# What is needed
The records underneath are to be repeated exactly, with the pictures left out.

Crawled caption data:
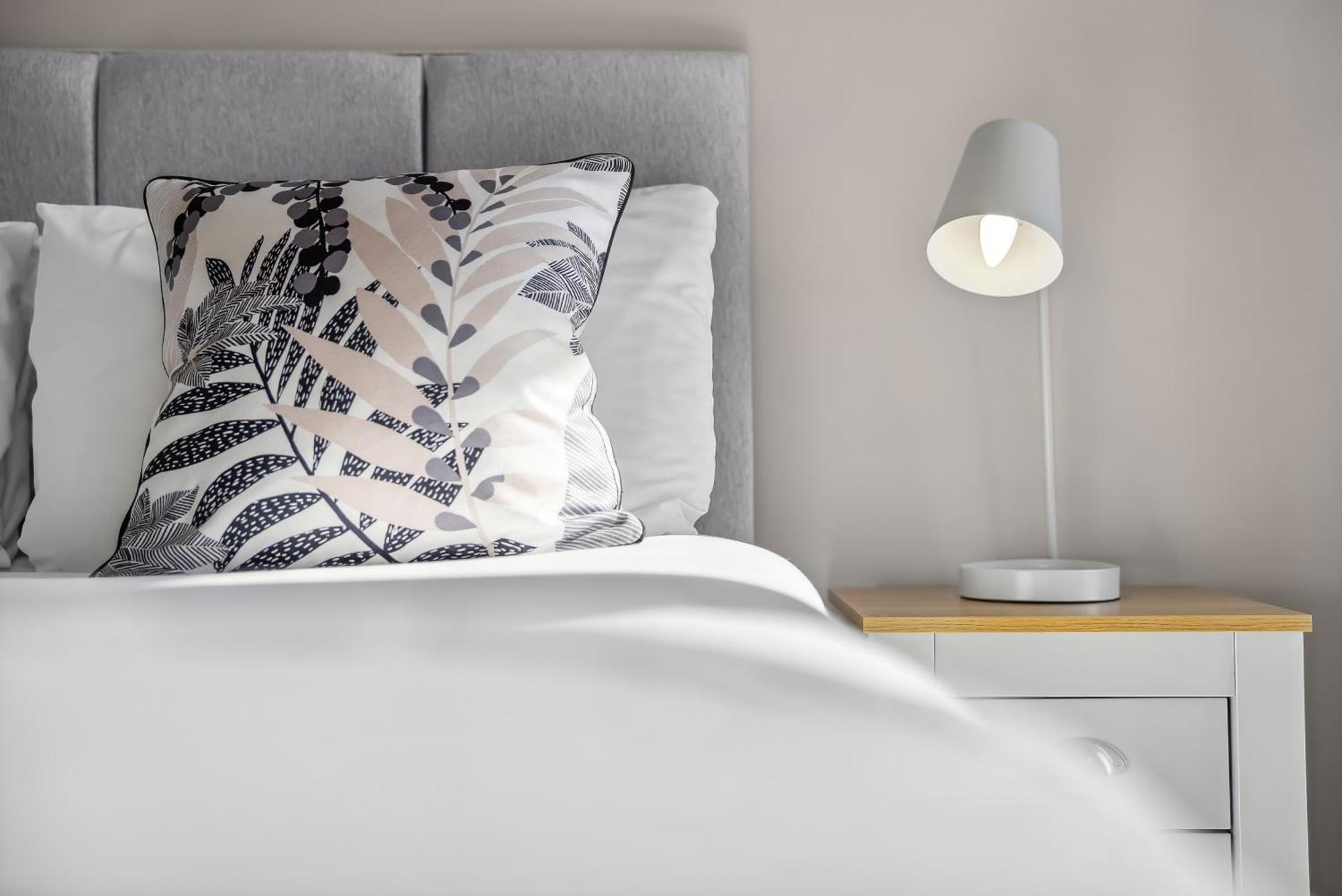 Cotels At Vizion Serviced Apartments, Superfast Broadband, Central Location, Free Parking, Fully Equipped Kitchen Милтон-Кейнс Экстерьер фото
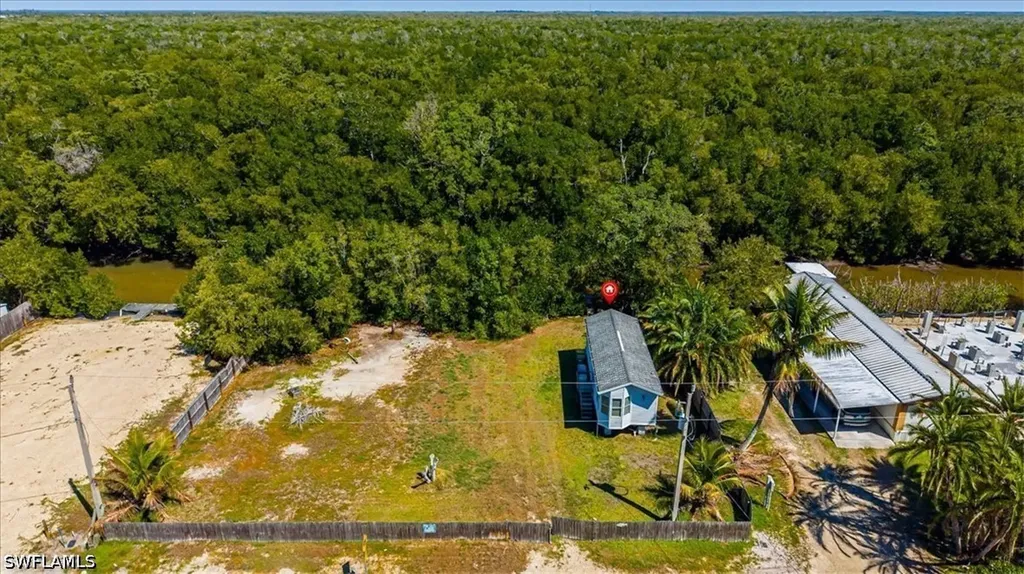 25 & 26 Plantation Drive Everglades City FL 34141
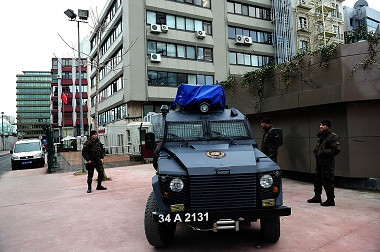 Polisi Hentikan Truk Bermuatan Kartun Charlie Hebdo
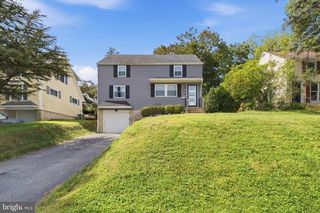 16 MIDLAND AVE, Berwyn, PA 19312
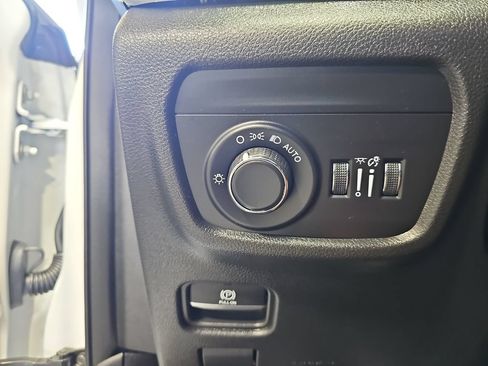 Used 2023 Jeep Grand Cherokee Altitude AWD/4WD image 25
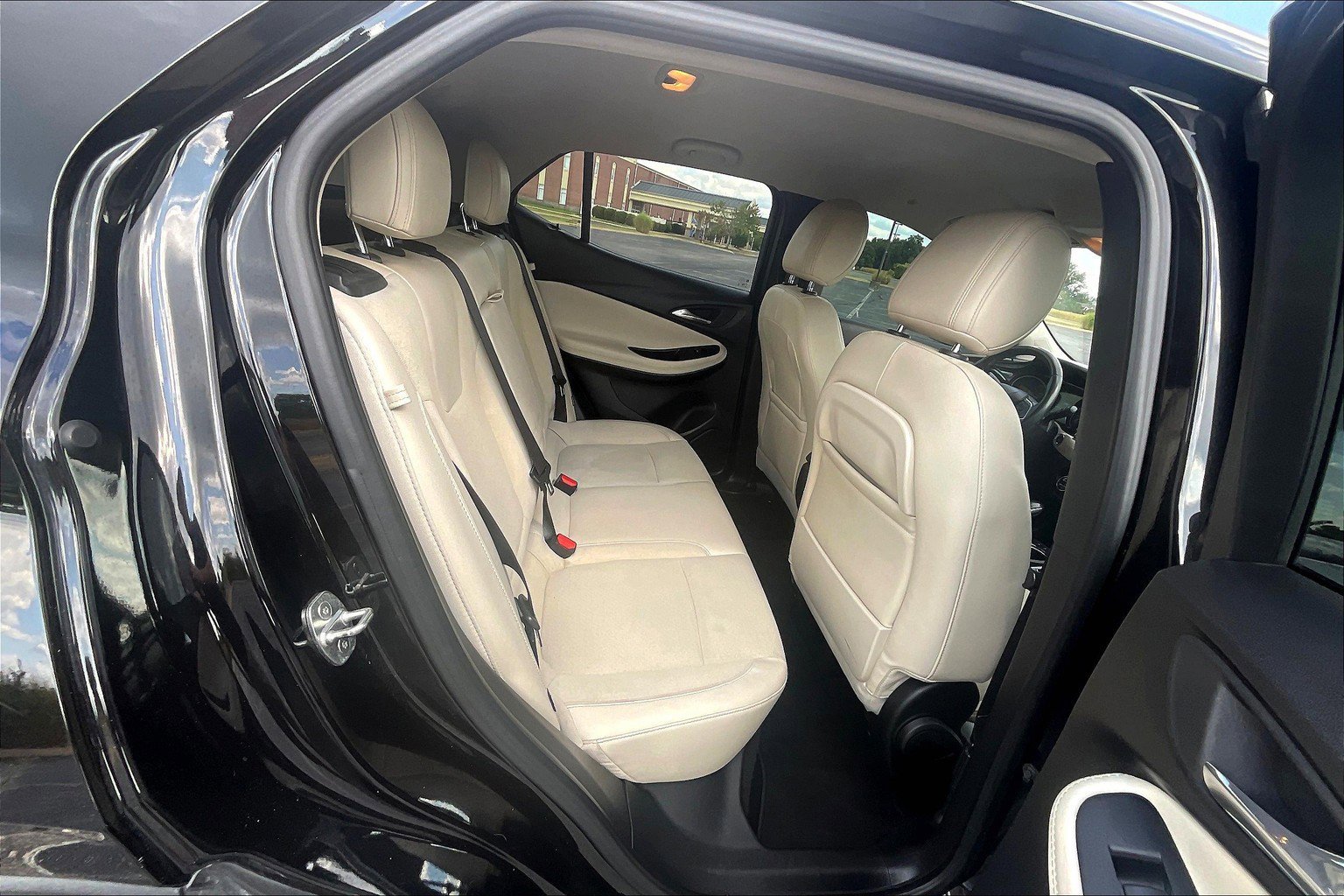 Used 2021 Buick Encore GX Select image 18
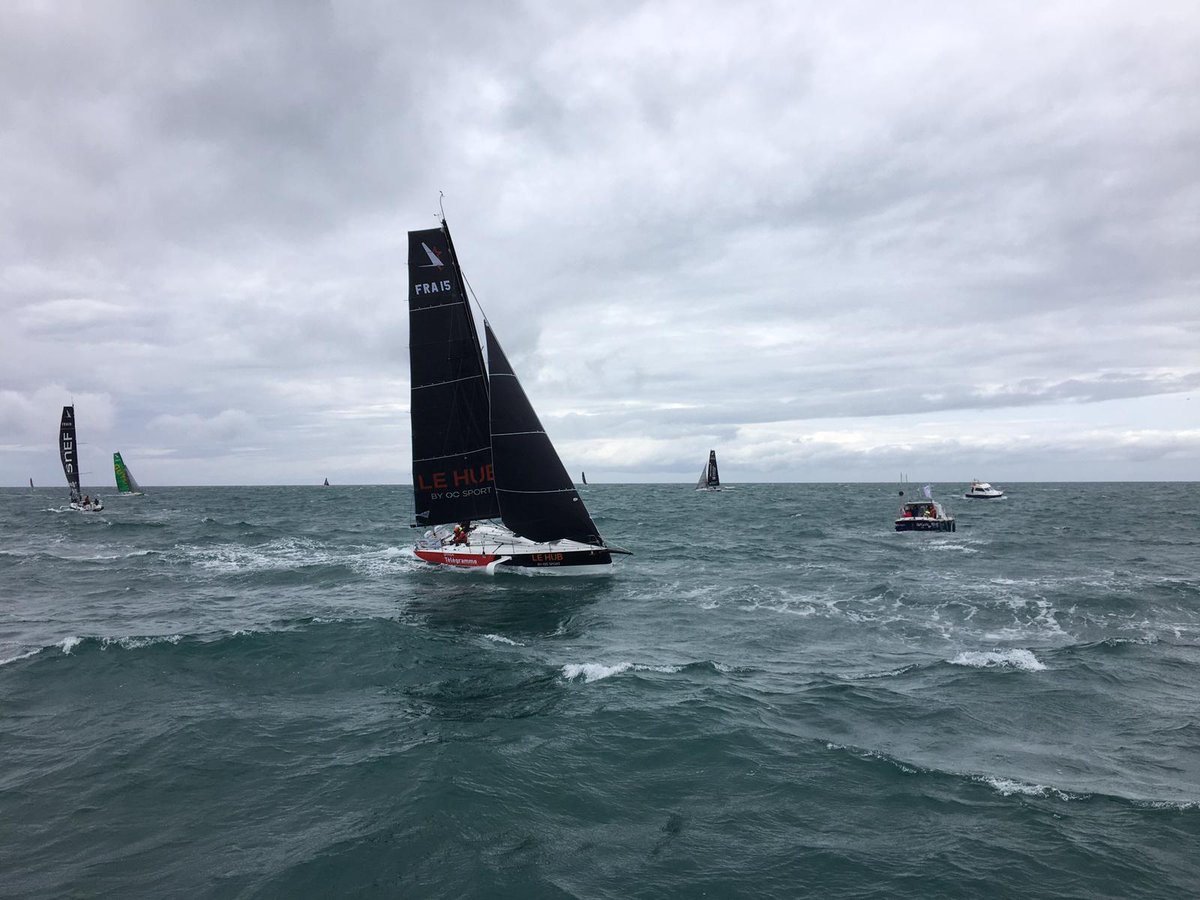 📝Après plus de 24 heures, Le Hub by OC Sport (@CCaudrelier et @fabiendelahaye) a franchi jeudi matin en tête la marque de passage de la Jument des Glénan, suivi par Breizh Cola Equi’Thé (@GildasMahe et @444_Morgan) et Leyton (@Arthebrave et Pascal Bidegorry).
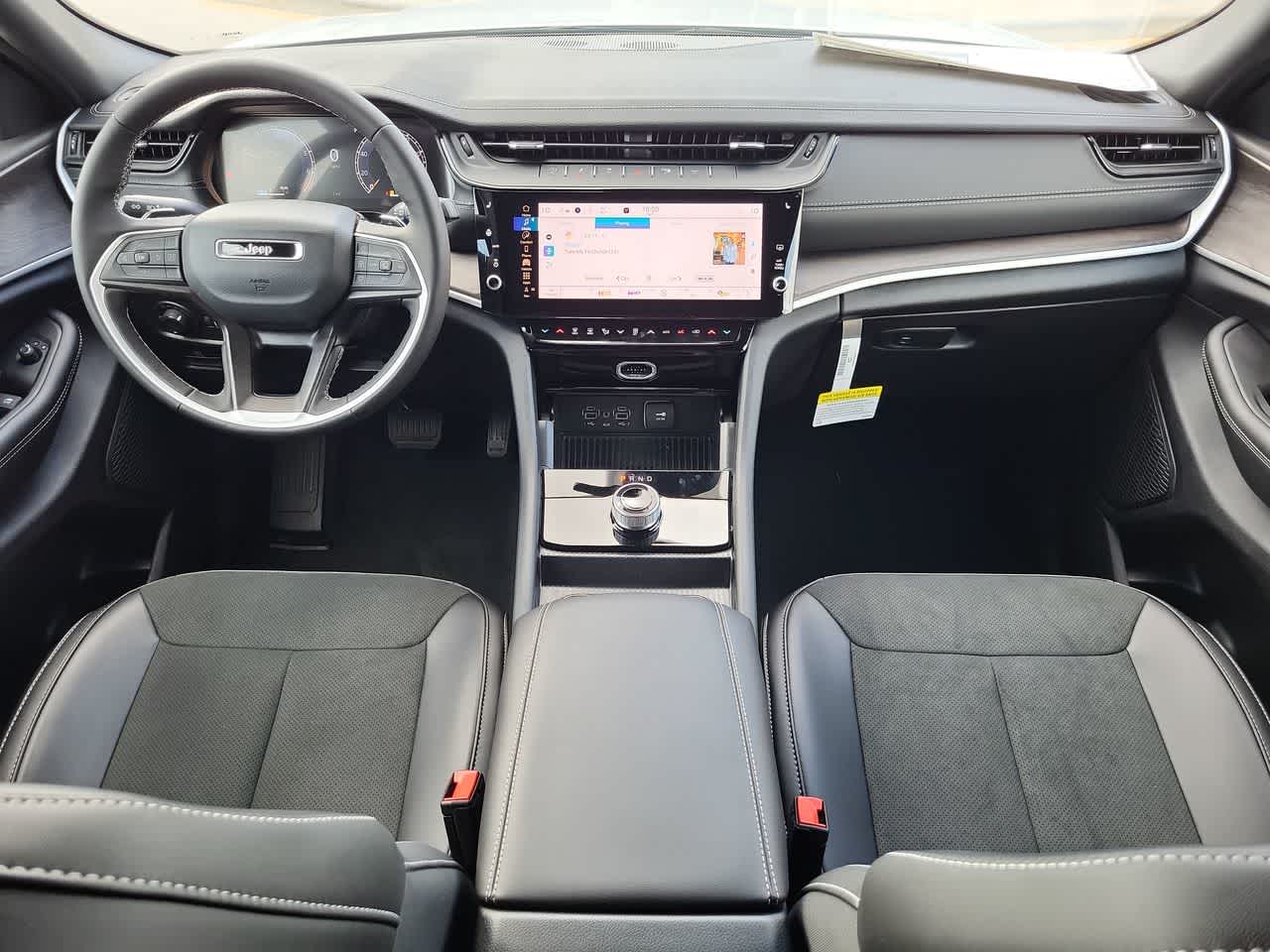 Thumbnail: 2026 Jeep Grand Cherokee - 18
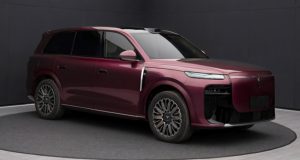 شاسی بلند وویا Taishan 8 دانگ فنگ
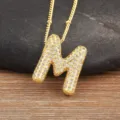 Collana con ciondolo lettera M a bolla in zircone micro-pave oro per gioielli donna - Lettera M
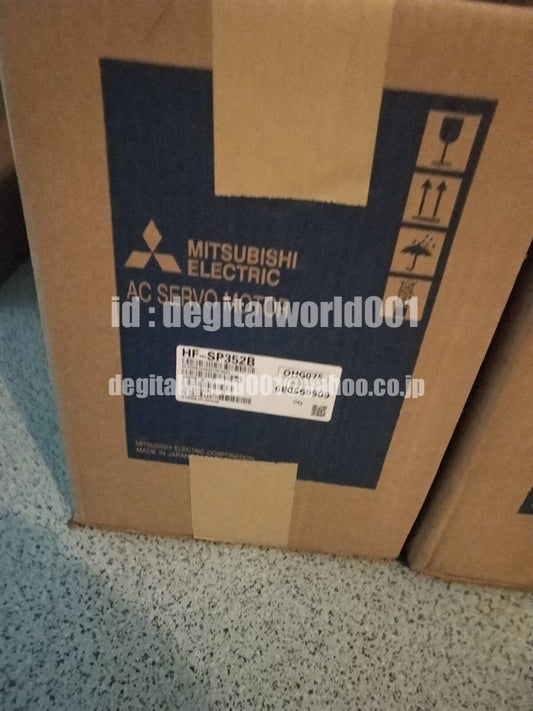 MITSUBISHI HF-SP352B Servo Motor [l1096963657]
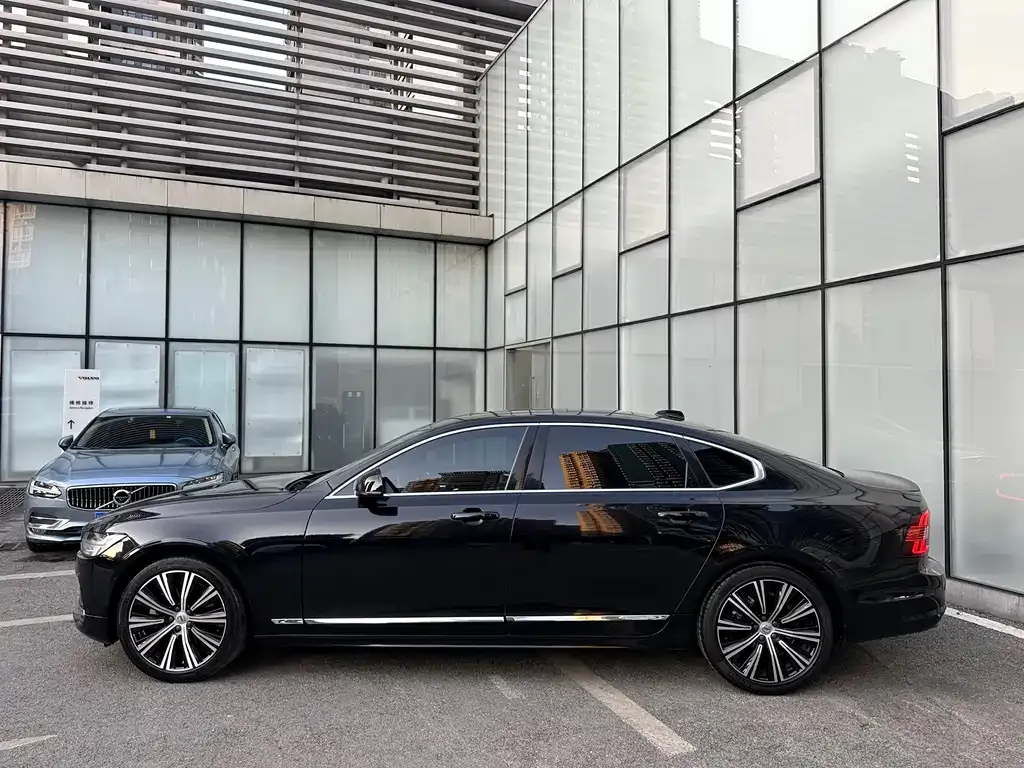 Volvo S90 — фото 3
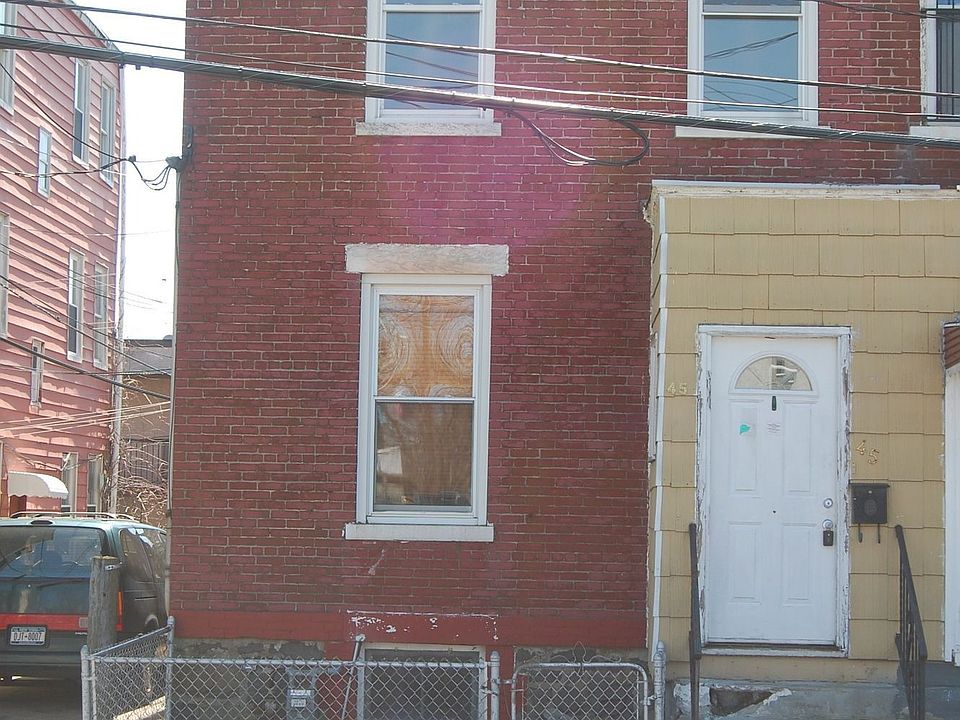 1st image of 45 Riverview Pl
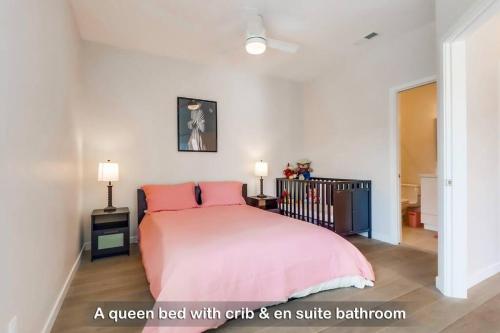 Entire Modern 3-BR 3-Bath Family Home w Spacious Garage, 5 Mins to Beach & 15-Mins to Gaslamp, No Deposit in Imperial Beach, USA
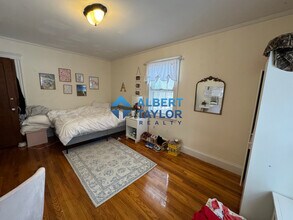 44 Kirkwood Rd, Unit 44 in Boston, MA - Foto de edificio - Building Photo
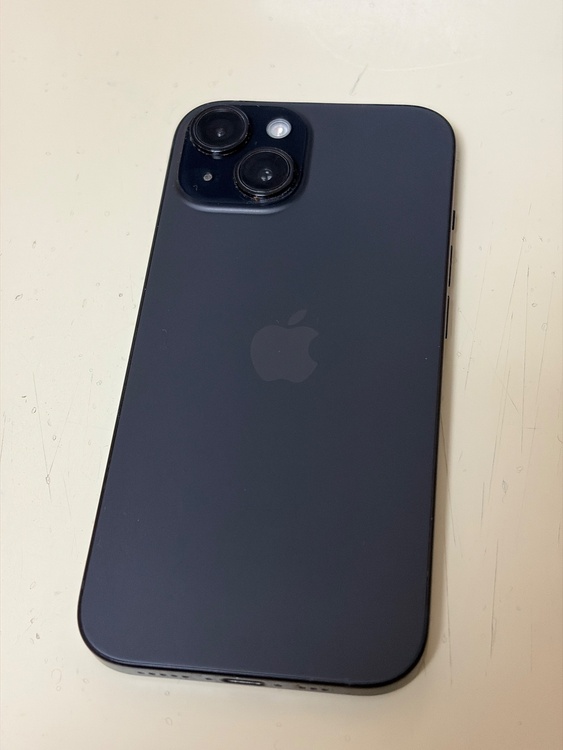 iPhone iPhone 15 256GB SIMフリー（スマホ）の商品画像 - 査定依頼日：2026年10月18日 - 最高査定価格：67,000円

# Solution for this task
 Cotels At Vizion Serviced Apartments, Superfast Broadband, Central Location, Free Parking, Fully Equipped Kitchen Милтон-Кейнс Экстерьер фото
 25 & 26 Plantation Drive Everglades City FL 34141
 Polisi Hentikan Truk Bermuatan Kartun Charlie Hebdo
 16 MIDLAND AVE, Berwyn, PA 19312
 Used 2023 Jeep Grand Cherokee Altitude AWD/4WD image 25
 Used 2021 Buick Encore GX Select image 18
 📝Après plus de 24 heures, Le Hub by OC Sport (@CCaudrelier et @fabiendelahaye) a franchi jeudi matin en tête la marque de passage de la Jument des Glénan, suivi par Breizh Cola Equi’Thé (@GildasMahe et @444_Morgan) et Leyton (@Arthebrave et Pascal Bidegorry).
 Thumbnail: 2026 Jeep Grand Cherokee - 18
 شاسی بلند وویا Taishan 8 دانگ فنگ
 Collana con ciondolo lettera M a bolla in zircone micro-pave oro per gioielli donna - Lettera M
 MITSUBISHI HF-SP352B Servo Motor [l1096963657]
 Volvo S90 — фото 3
 1st image of 45 Riverview Pl
 Entire Modern 3-BR 3-Bath Family Home w Spacious Garage, 5 Mins to Beach & 15-Mins to Gaslamp, No Deposit in Imperial Beach, USA
 44 Kirkwood Rd, Unit 44 in Boston, MA - Foto de edificio - Building Photo
 iPhone iPhone 15 256GB SIMフリー（スマホ）の商品画像 - 査定依頼日：2026年10月18日 - 最高査定価格：67,000円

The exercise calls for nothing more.